Si dice della scuola

di Margherita Marzario

“Oggi hanno deciso di distruggere l’arte e la cultura, e senza cultura la società è barbarie” (cit.). Disincentivare l’arte e la cultura è bloccare le nuove generazioni, le emozioni, la crescita umana, quello sviluppo che si è avuto sin dai graffiti preistorici. Si è tutti responsabili, a cominciare da coloro che non si sentono responsabili, che sono pronti a puntare l’indice ma non a muovere un dito per darsi da fare. Come l’atteggiamento di molti genitori avvezzi ad accusare la scuola, a ricusare i propri errori e a scusare i figli.

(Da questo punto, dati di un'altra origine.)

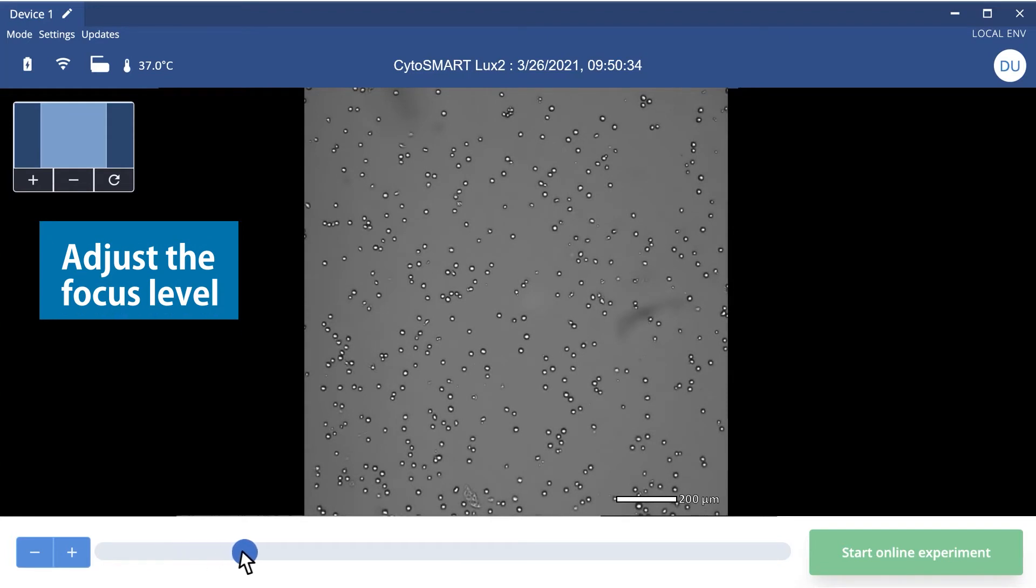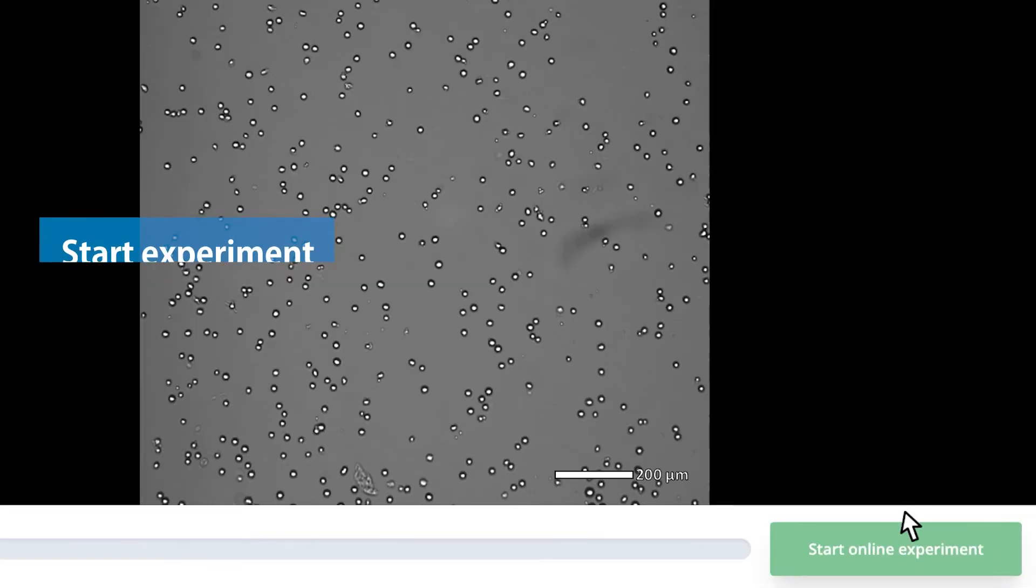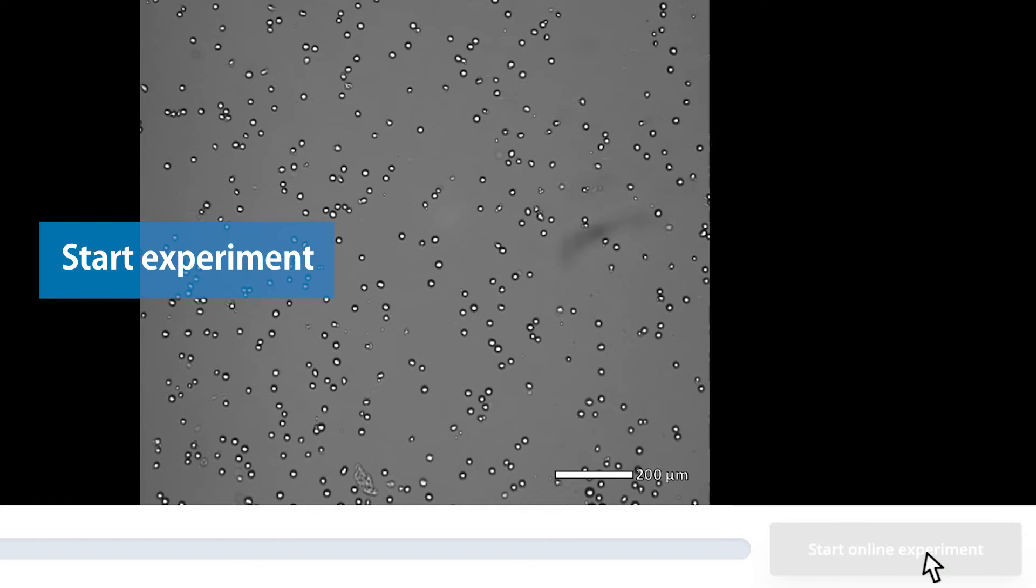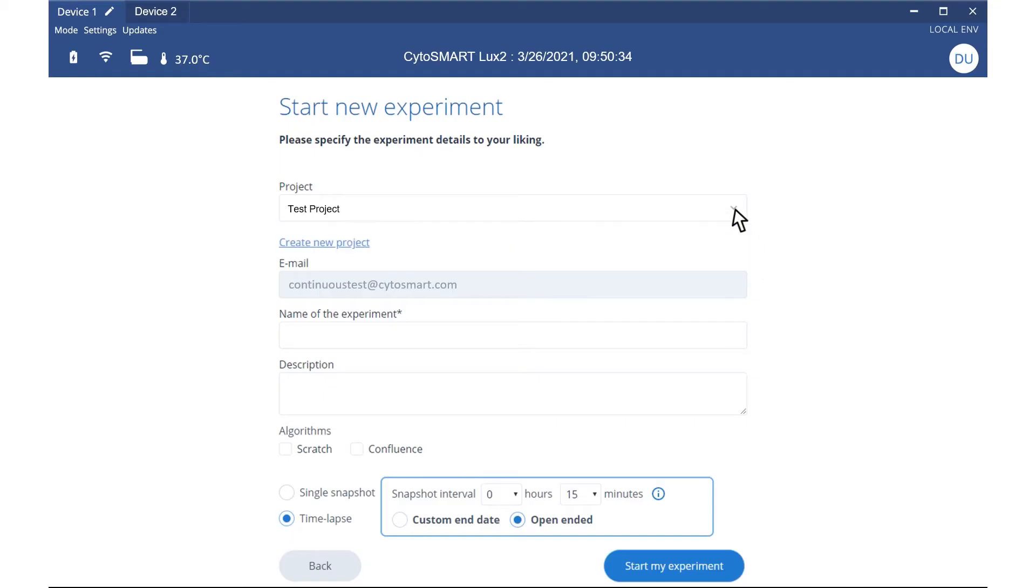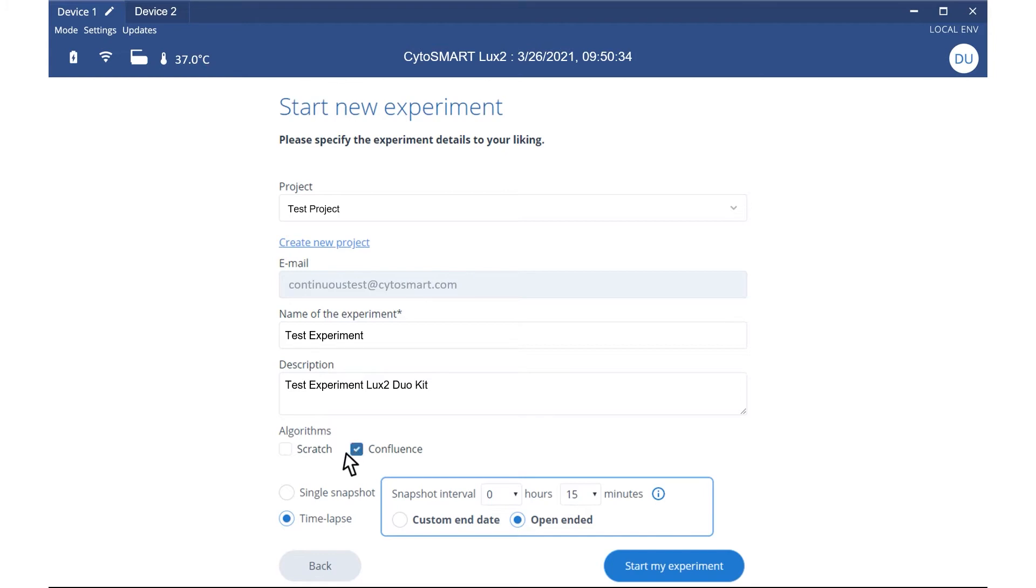When you're satisfied with the settings, you can start your online experiment. Assign your new experiment to a project and insert experiment name and description. Select your analysis algorithms and whether you want a single snapshot or time-lapse imaging. Choose your time-lapse imaging interval, set an open or custom endpoint, and start your experiment.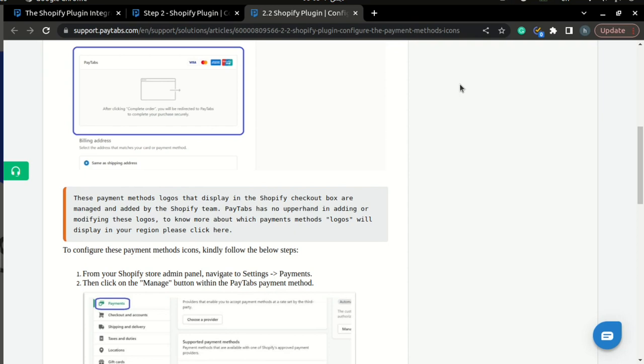Now that we understand how to configure the Shopify plugin, we can move forward to the next video where we will learn about the next four steps of the integration manual. We'll see you in the next video. Thank you.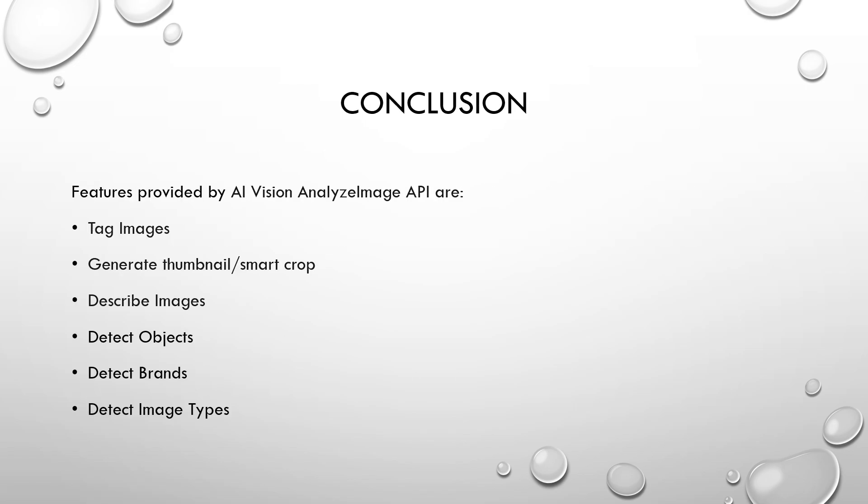In this video, we learned about the features provided by AI vision analyze image API. And some of these features are tag images, generate thumbnail, describe images, detect objects present in the image, detect brands present in the given image, and detect image types.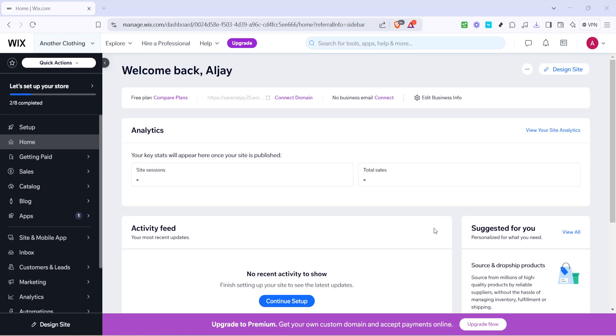In today's video, I'm going to teach you how to get a payout from Wix. If you've been wondering how to smoothly navigate through the Wix platform to ensure you can receive your payments efficiently, you're definitely in the right place. Let's dive in and walk through these steps together.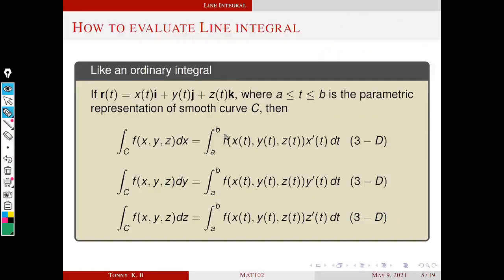Similarly, we can evaluate the line integral with respect to y using the analogous formula: integral from a to b of f(x(t), y(t)) · y'(t) dt — only the difference is y'(t) instead of x'(t), everything else is the same. In the 3D case, r(t) = x(t)i + y(t)j + z(t)k, and the analogous formulas hold for integrals with respect to x, y, and z.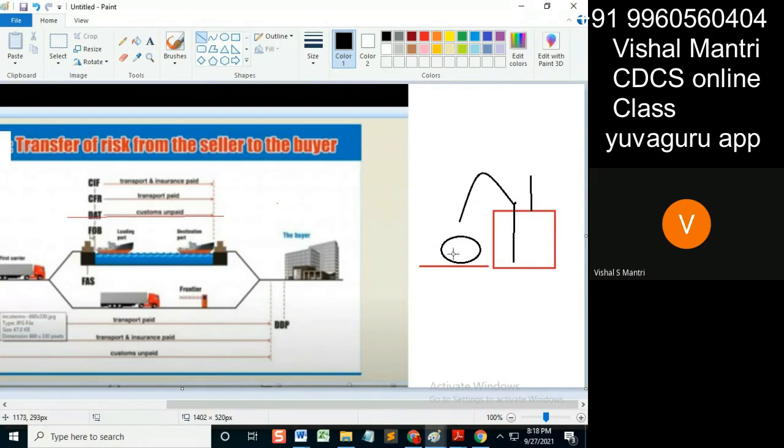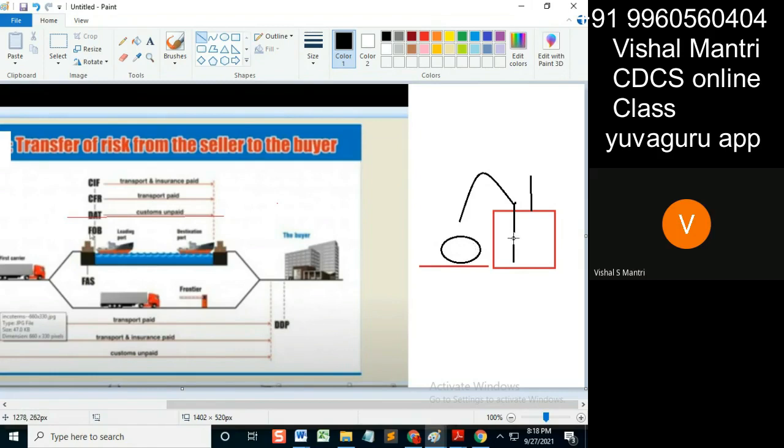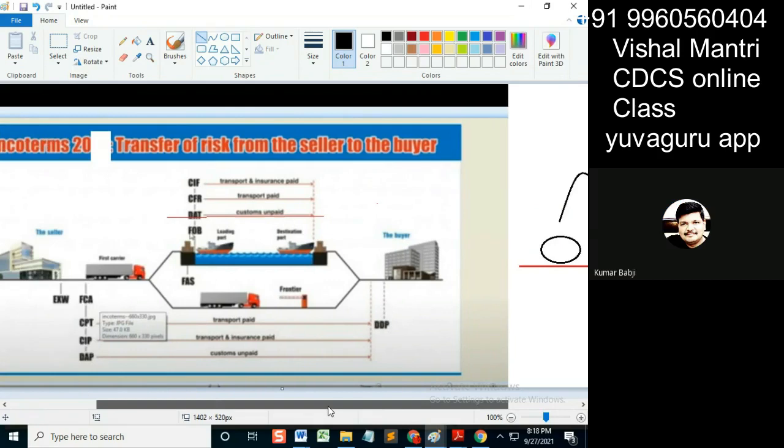Okay, so this is up to only loading on the board. And FAS means unloading from the truck below, which means beside the ship. So these are the two differences. Got it? Okay, thank you.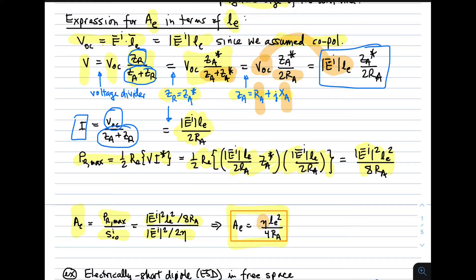To get the effective aperture, we divide the maximum power delivered to the receiver by the associated incident power density. After a little algebra to eliminate common factors, we find the effective aperture is proportional to the impedance of the medium (usually free space), proportional to the square of the effective length, and divided by four times the real part of the antenna impedance: A_E = η · |l_eff|² / (4 R_A). This applies for conjugate matching and a co-polarized incident electric field.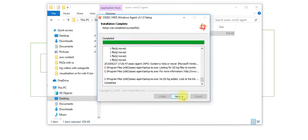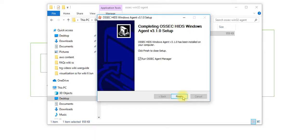Click on next. You can check the box to run the OSSEC agent manager immediately afterwards. Click on finish.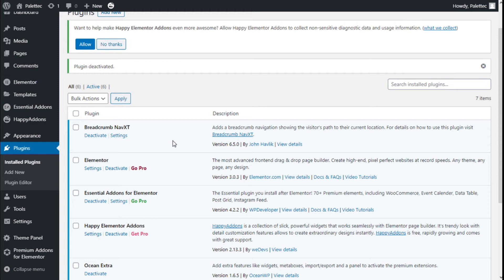Hello, this is Chris from Palatech. In this video, we are going to learn how to add a printing option to our site using the Print Friendly plugin.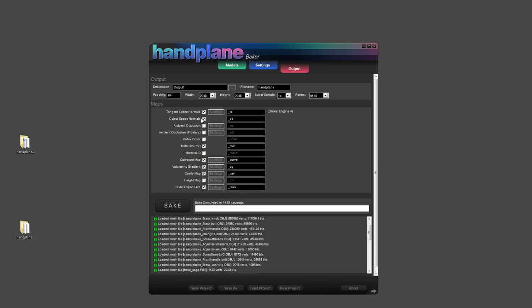So I'm going to run a material PSD, curvature map, gradient, cavity map, texture space AO, object space normals, and tangent space normals. And I'm going to run them with 8x super sample. And I'll hit bake. And this will probably take about a minute. So I'm going to cut and come back and show the result.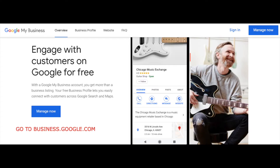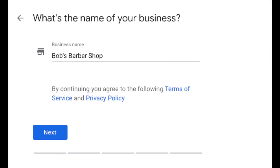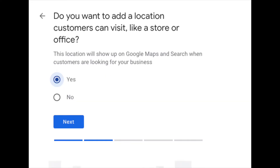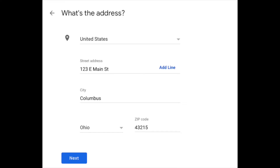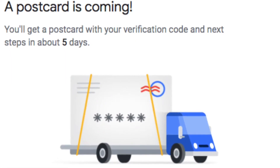Step one: go to business.google.com. Step two: you're going to add a location — add a single location. Step three: add your business name, then select your business category. You want to determine whether or not customers or clients can visit your physical location. Then you input your address, enter your contact information, and complete and verify. Those are the steps.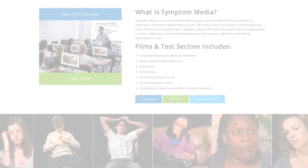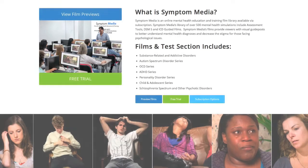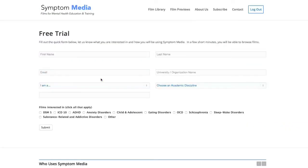Join the over 300 universities, colleges, medical schools, and hospitals subscribing to Symptom Media. Be sure to visit SymptomMedia.com to sign up for a free trial today.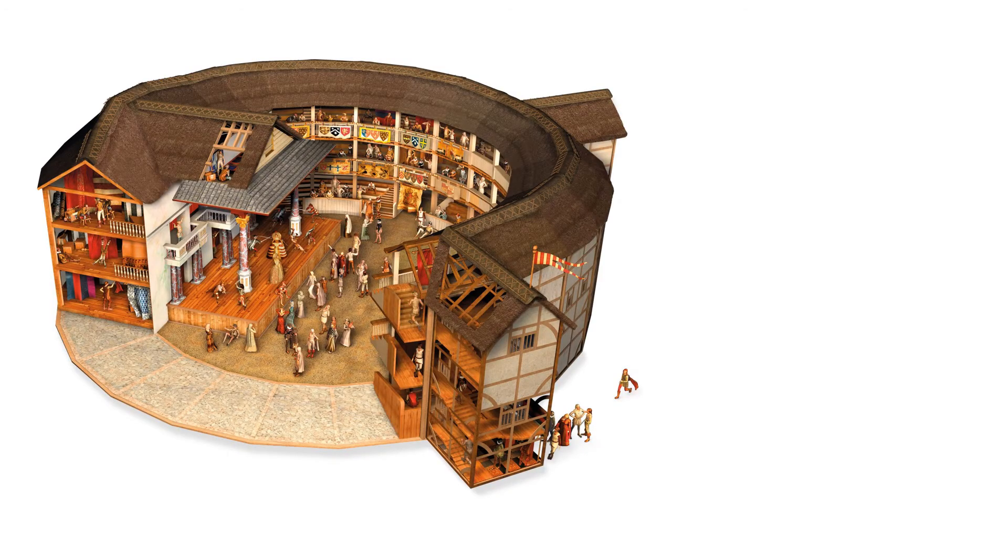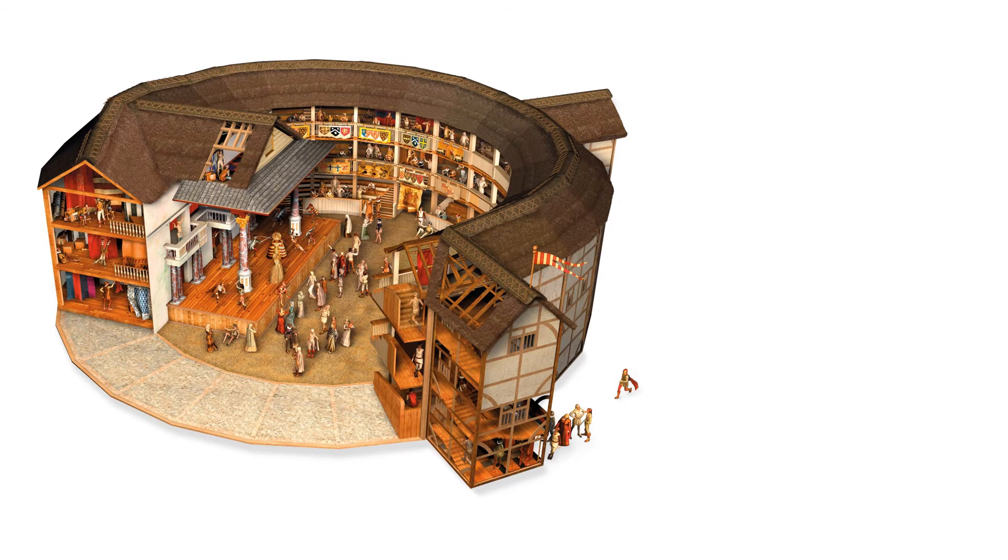The famous Globe Theatre earned a whopping 1,200 pounds yearly. Shakespeare's share of property said to be 40 pounds, not bad at all considering he was a 16th century playwright. Shakespeare also wrote and earned around 100 to 200 pounds.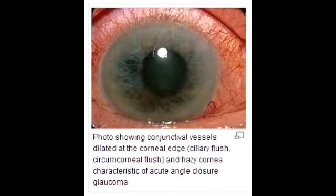Describe the classic clinical presentation of acute angle-closure glaucoma. It is a very painful condition with sudden vision loss, halos around light, a rock-hard eye, and frontal headaches — all classic complaints seen in acute angle-closure glaucoma.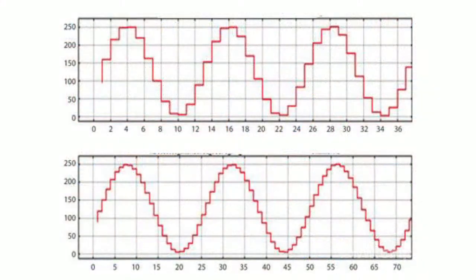Thirdly, there is an increase in memory capacity required to store a digital signal. The need for a trade-off is obvious.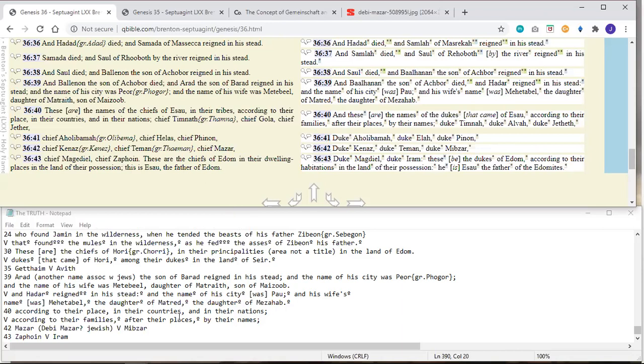And verse 43 is Zephoin, chief Zephoin. How is his name in the Masoretic? Iram. One starts with the Z and ends with Afhoin. The other one starts with an I and ends with Ram. So I don't see any similarity at all.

La scuola sembra essere diventata merce alla mercé dei genitori e di altri soggetti. La scuola andrebbe rivista dal modo di reclutamento del personale all’edilizia ma, purtroppo, ogni governo introduce una riforma che, talvolta, è solo lessicale o di appesantimento burocratico.

Sulla scuola di oggi la giurista Elisabetta Frezza: “Si è trasformata in un incrocio tra un luna park e un laboratorio di rieducazione etico-sociale collettiva. Una sorta di allevamento di ominidi in batteria, allestito come un villaggio vacanze, con animatori addestrati, i poveri docenti” (in un’intervista dell’8 agosto 2022). L’apprendimento deve avvenire divertendosi ma la scuola non è e non deve essere ritenuta luogo di divertimento come o peggio di altri destinati a ciò.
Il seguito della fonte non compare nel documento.